- [What you should do]: Once the pictures are set aside, repeat all of the data below exactly.
***** Data for review
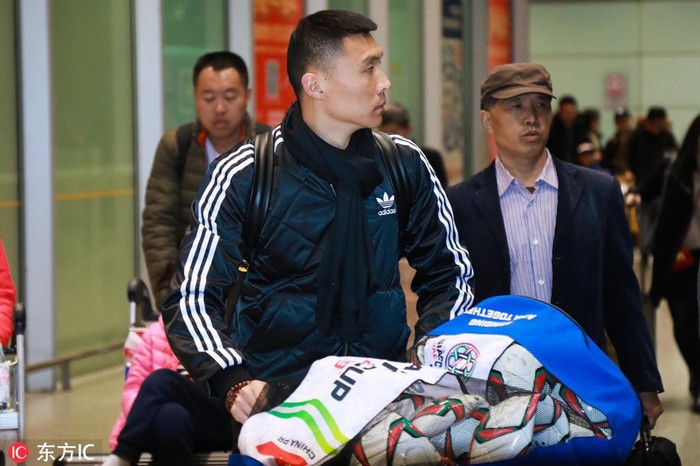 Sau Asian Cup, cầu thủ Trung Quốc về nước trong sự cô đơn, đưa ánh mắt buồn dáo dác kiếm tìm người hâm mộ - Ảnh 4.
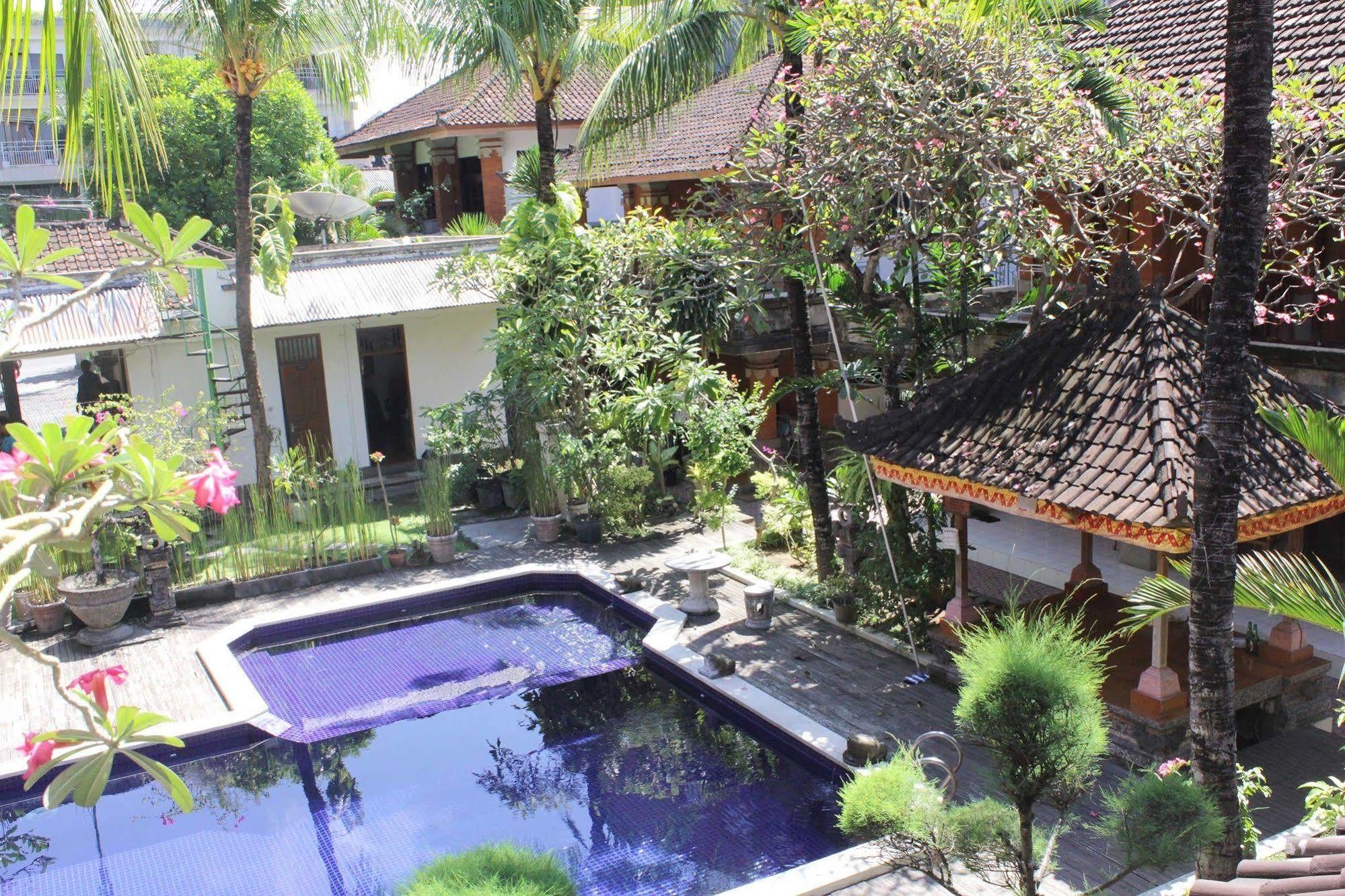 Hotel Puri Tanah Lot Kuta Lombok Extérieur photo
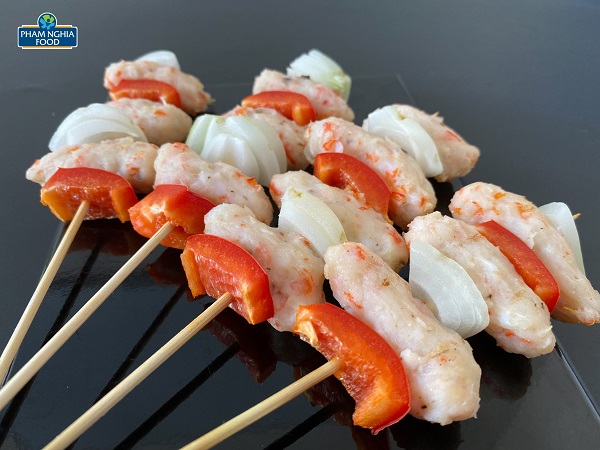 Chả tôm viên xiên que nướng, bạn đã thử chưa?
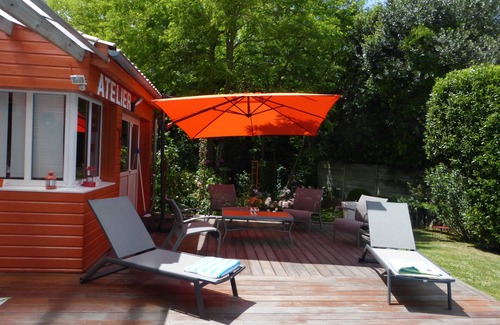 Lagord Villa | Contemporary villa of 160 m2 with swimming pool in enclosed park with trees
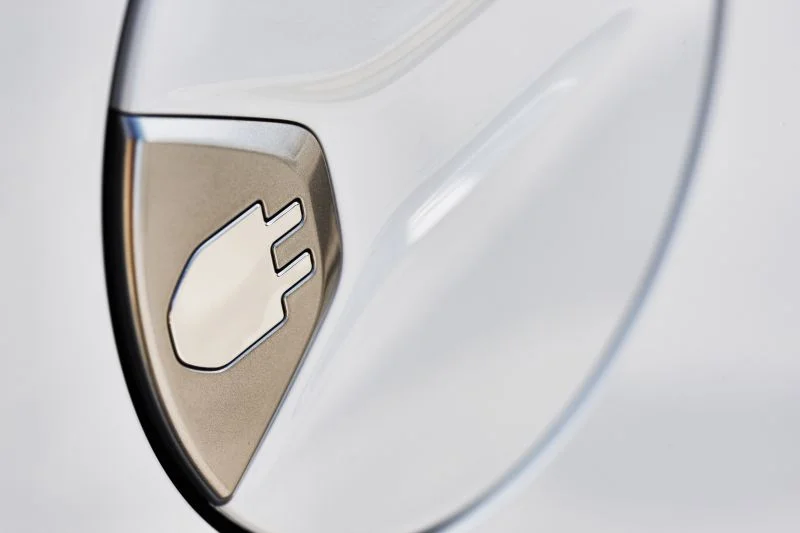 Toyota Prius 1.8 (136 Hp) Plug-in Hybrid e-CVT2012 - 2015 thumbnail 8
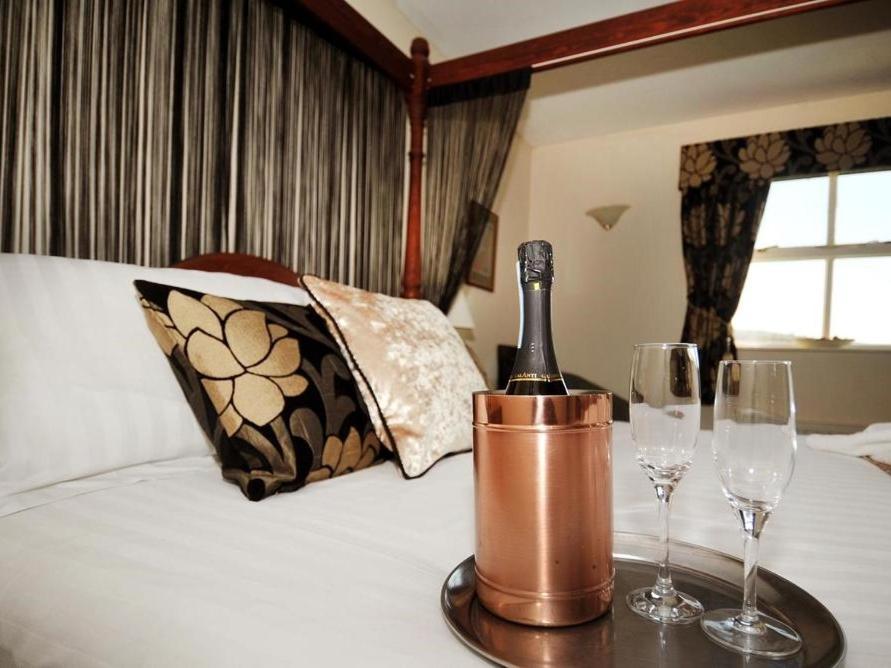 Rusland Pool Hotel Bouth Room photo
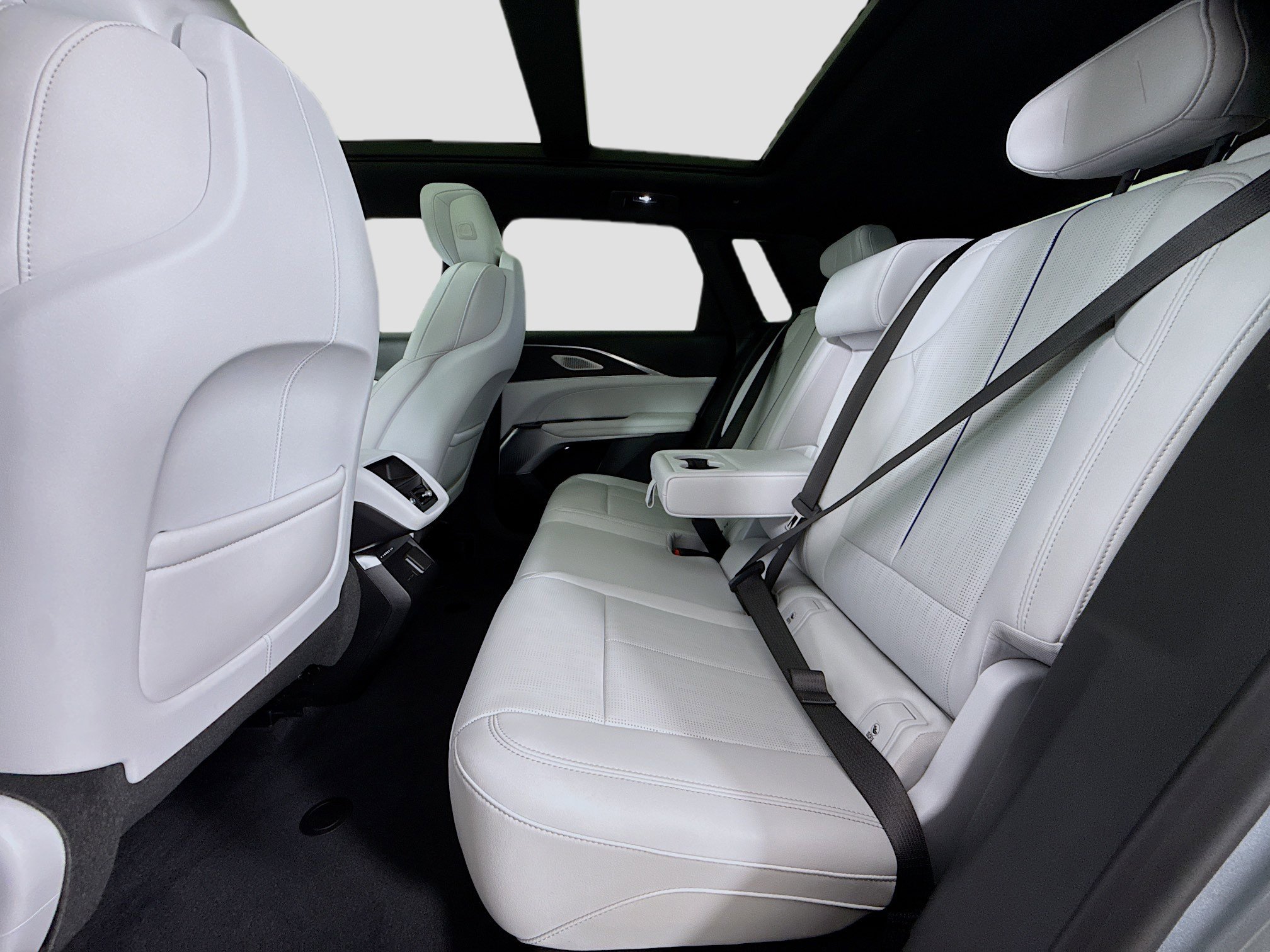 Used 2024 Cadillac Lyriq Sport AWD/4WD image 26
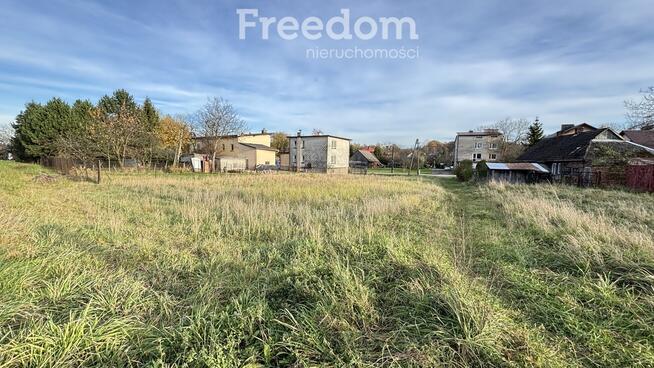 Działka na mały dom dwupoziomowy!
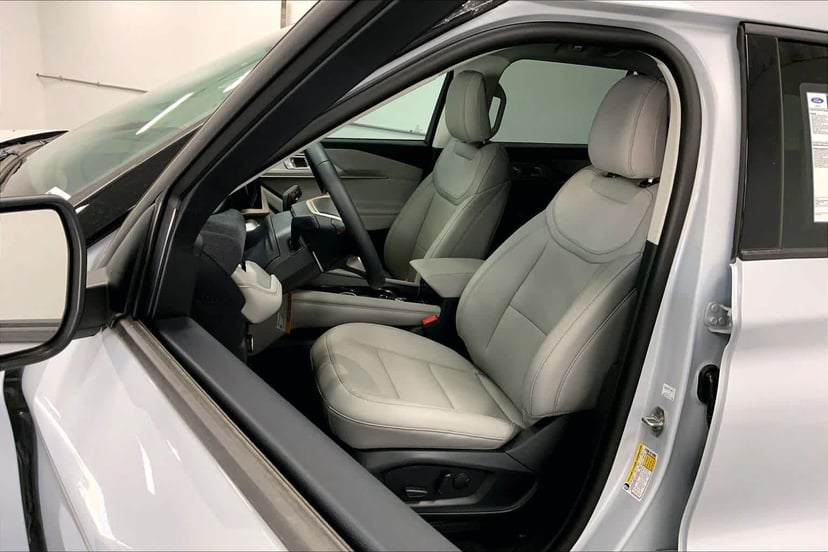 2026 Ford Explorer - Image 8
**********
- [Finished exercise]:
 Sau Asian Cup, cầu thủ Trung Quốc về nước trong sự cô đơn, đưa ánh mắt buồn dáo dác kiếm tìm người hâm mộ - Ảnh 4.
 Hotel Puri Tanah Lot Kuta Lombok Extérieur photo
 Chả tôm viên xiên que nướng, bạn đã thử chưa?
 Lagord Villa | Contemporary villa of 160 m2 with swimming pool in enclosed park with trees
 Toyota Prius 1.8 (136 Hp) Plug-in Hybrid e-CVT2012 - 2015 thumbnail 8
 Rusland Pool Hotel Bouth Room photo
 Used 2024 Cadillac Lyriq Sport AWD/4WD image 26
 Działka na mały dom dwupoziomowy!
 2026 Ford Explorer - Image 8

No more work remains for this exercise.